Al loved sports. He took them seriously and competed in baseball, basketball, hockey, ski racing, tennis, and golf. He was most skilled in fast-pitch, where he was a pitcher, and skiing, especially slalom.
Al loved sports. One of his favourite stories was that his mom gave him money to buy a new suit for a special function (his brother Paul’s wedding). He borrowed a suit and used the money to buy new skis. He thought that was “a stroke of genius”.
In high school he played many sports including baseball, basketball, and hockey. In University he took up skiing, joined the UBC Ski Team and became a nationally ranked ski racer. He was an amazing skier right into his 60’s. He trained hard in his 50’s and a top Masters ski racer in Canada. There was just one guy he couldn’t beat. We thought that was funny and he was serious. I remember him explaining to me the new techniques required to win with the “new breakaway slalom” poles – the shin and arm pads. He talked forever about a session at Whistler with Swedish skiing legend Ingemar Stenmark – total “ski nerd” talk. Alex trained hard and was so good at slalom that he often came in the top 5 overall in races at Whistler. At 50 he was beating 20 year olds.
In his twenties and thirties Al was a fast-pitch pitcher. When he stopped playing fast-pitch, he took up tennis. Al’s tennis skills never matched his skiing or fast-pitch levels, but his athleticism was shown most in tennis. He injured his right arm so badly that he couldn’t play. That didn’t stop him, he simply switched to playing left-handed. It was crazy. His physical gifts were remarkable.

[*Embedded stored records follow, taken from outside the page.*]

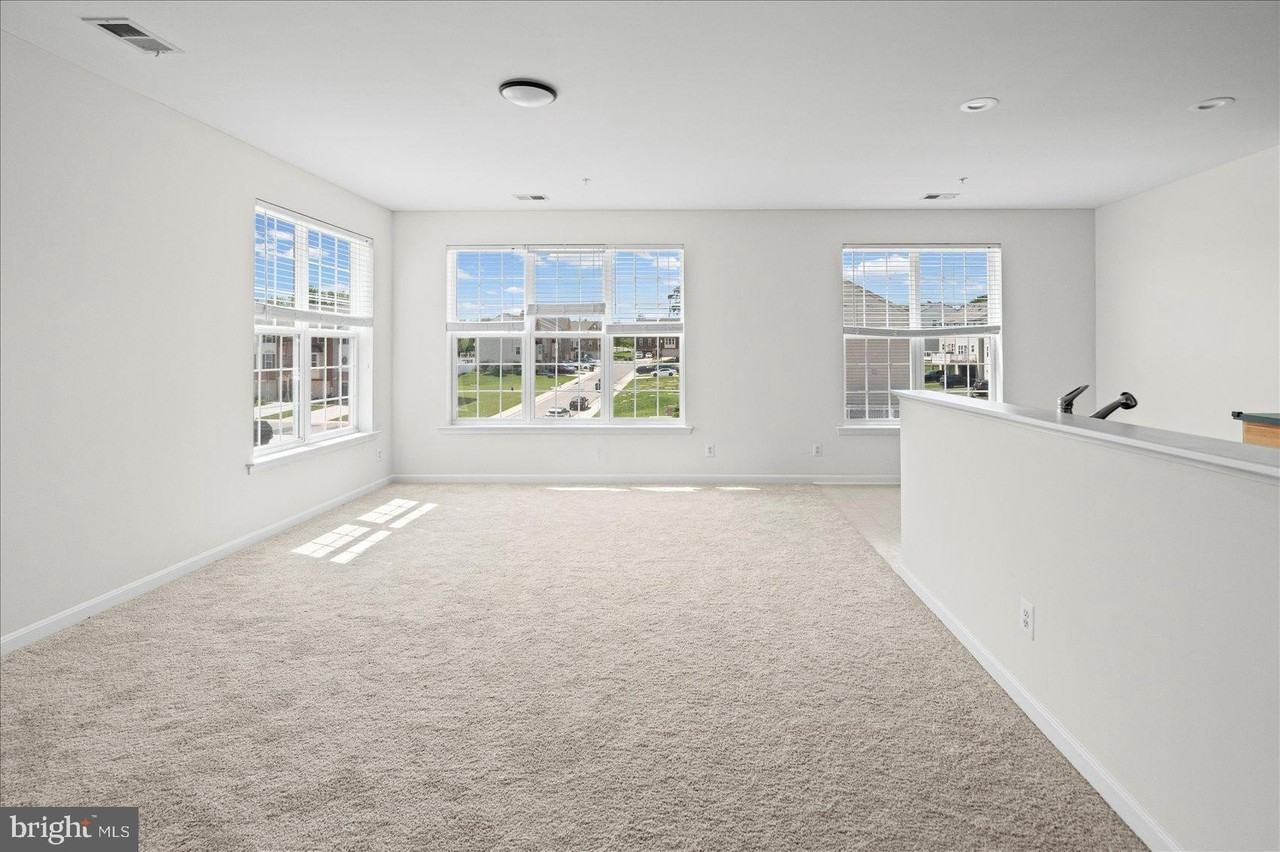 1670 Mohegan Dr #B - Photo 7 of 44
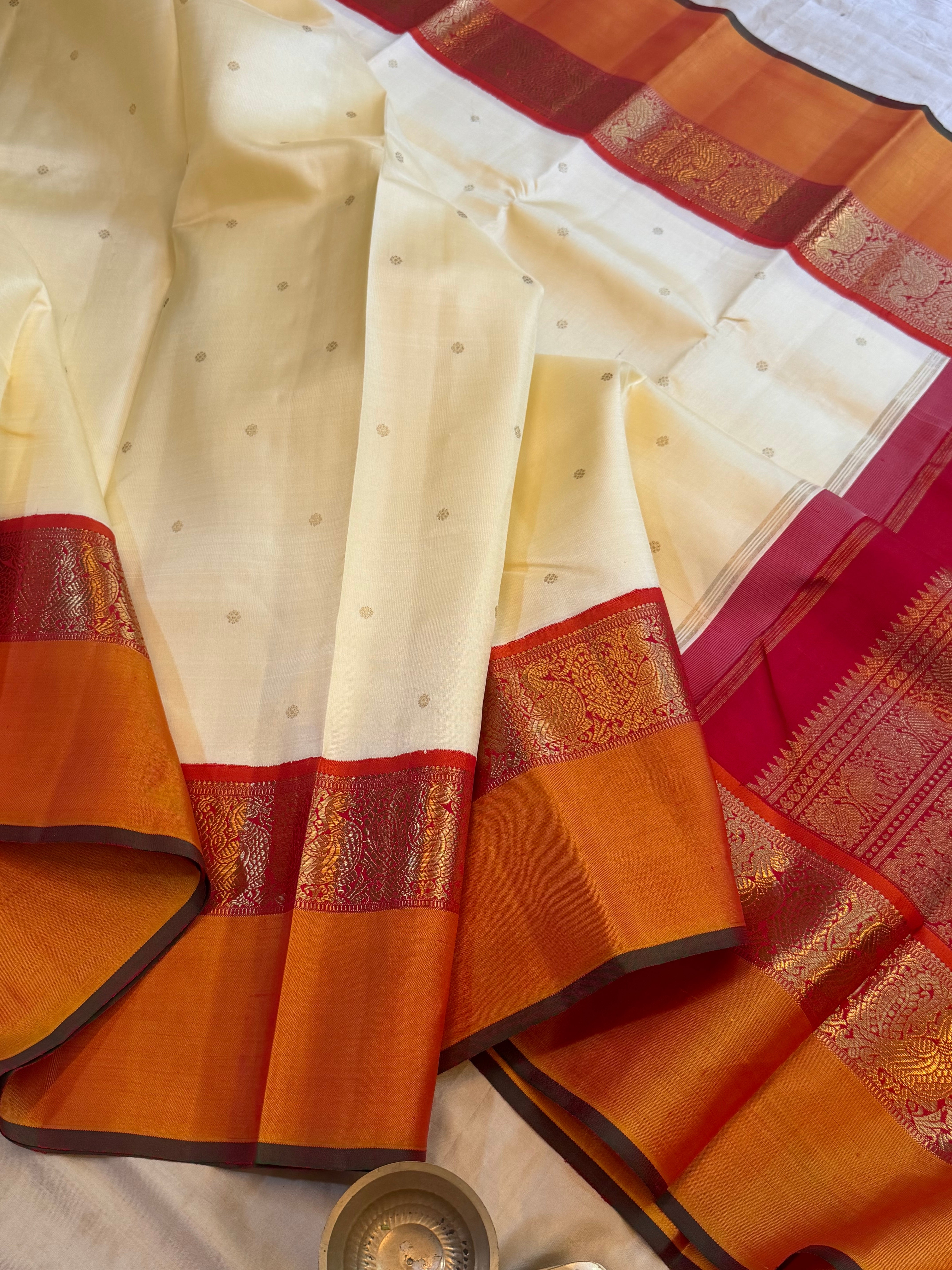 Off white Korvai kaal erangina border / Kanjipuram silk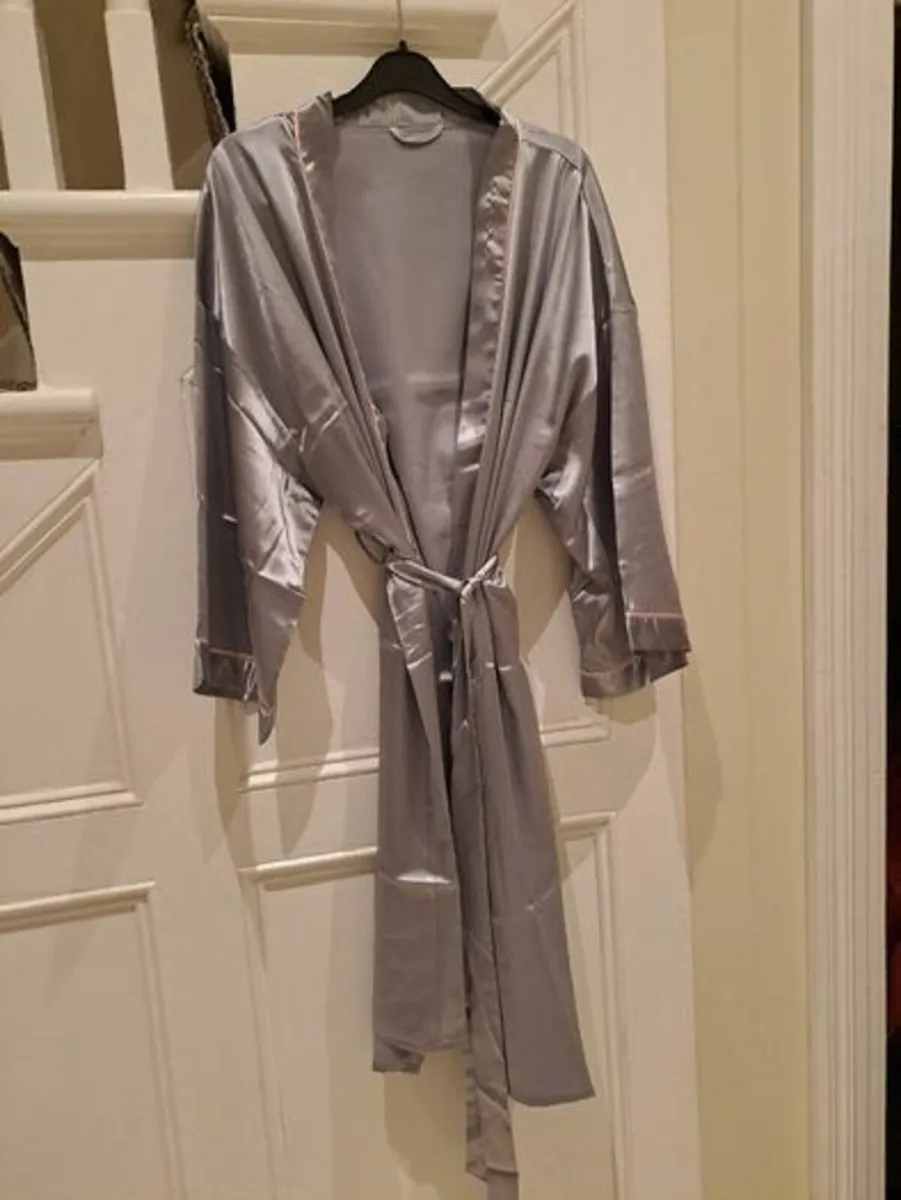 Winthome silk Dressing gown Size XL or 20 - Image 2
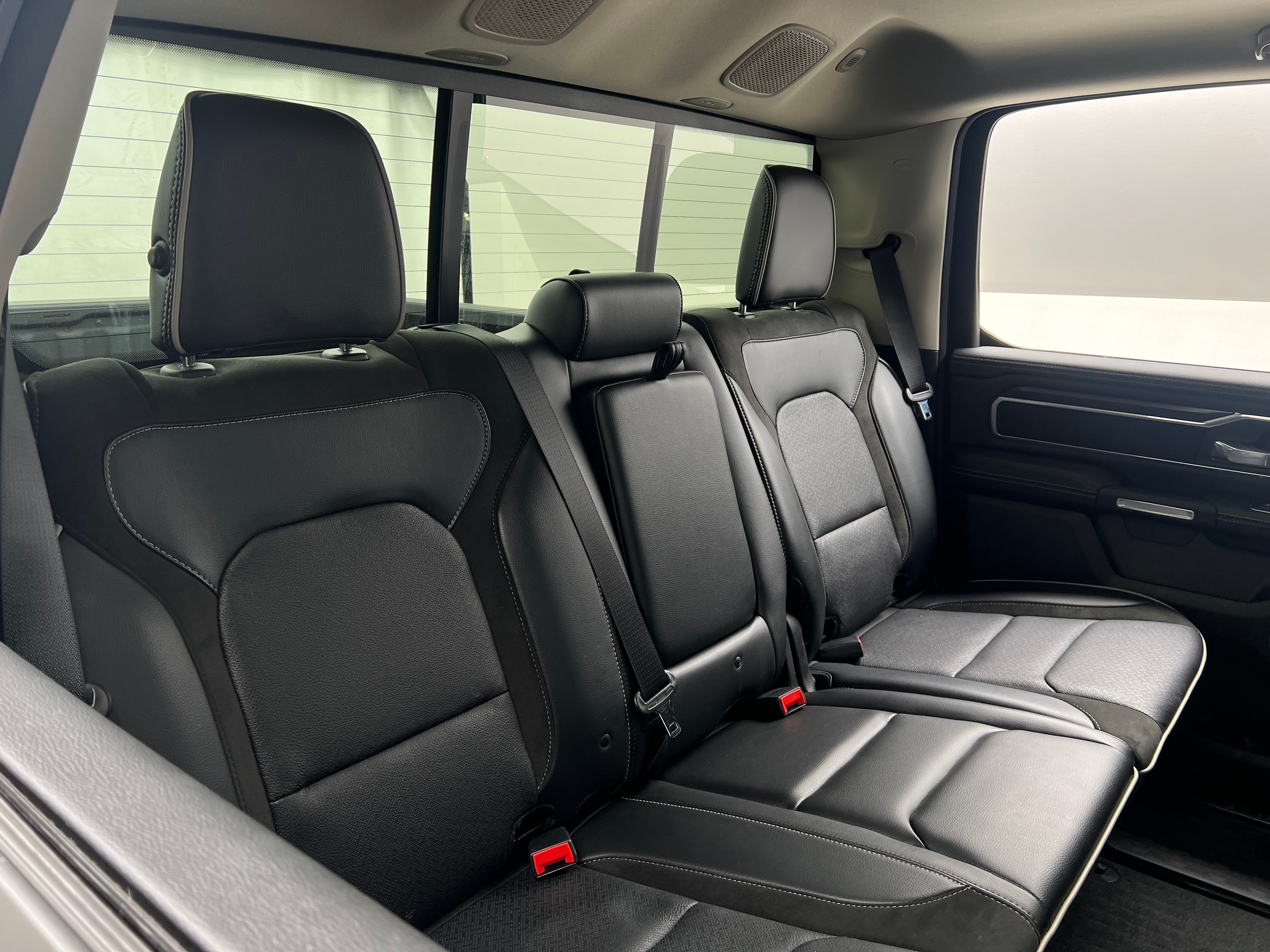 2022 RAM 1500 Laramie 5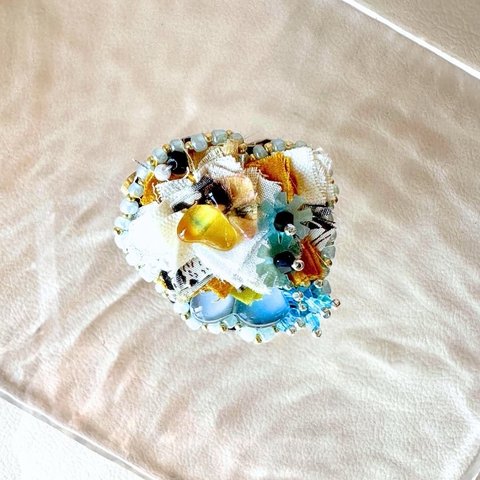 布のご褒美ブローチ　布　ビーズ　刺繍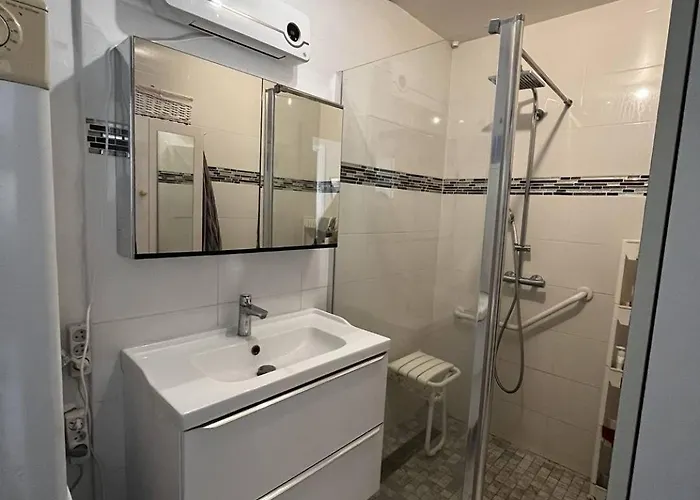 Maison De Moderne Et Pratique : Wifi, Clim, Parking Et Cour Privee וילה *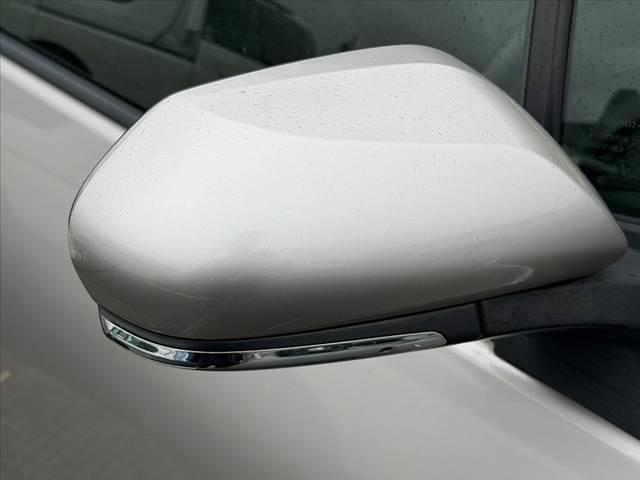 プリウス Sツーリングセレクション 禁煙車 車検整備付 セーフティセンスP オートLEDヘッド&フォグ 合皮シート Fシートヒーター Aクルコン Aハイビーム ETC 純正SDナビ 地デジ BT Bカメラ ステリモ チルトステア(32枚目)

Alex’s family story is that he was a good man who lost his focus and got distracted a few times. I can’t say that his parents were very happy with this aspect of his life. The memories trigger a smile. It was a grand game. But they were devoted to him and helped us out a lot with our houses on 16th, then 14th, and finally on Cypress St.
Al was with his first wife Anne Verigin (nee Polonicoff) early on. They had two sons, Iain and Jeffrey. Al was with Jan Broughton, his second wife, for almost a decade and for a few years Iain and Jeffrey lived with them. Then Eva and Al were together for over fifteen years. Eva’s son Martin quickly learned to love skiing and photography. Martin’s cousins Anja and Andrew were more fond of lunch. They skied a lot in their preschool years and Andrew’s story of skiing is well remembered “When you go skiing, you put your skis together and go for lunch”.
Alex was predeceased by his immediate family, Polly, Alex, Paul, and Irene Verigin, and his son Jeffrey Verigin. Alex is survived by his son Iain with his wife Sue and their children Mikaela, Katie, and Thomas. His first wife Anne Verigin (nee Polonicoff), his second wife Janet Broughton, and his third wife Eva Mahoney (nee Kaczynska) and her son Martin Verigin.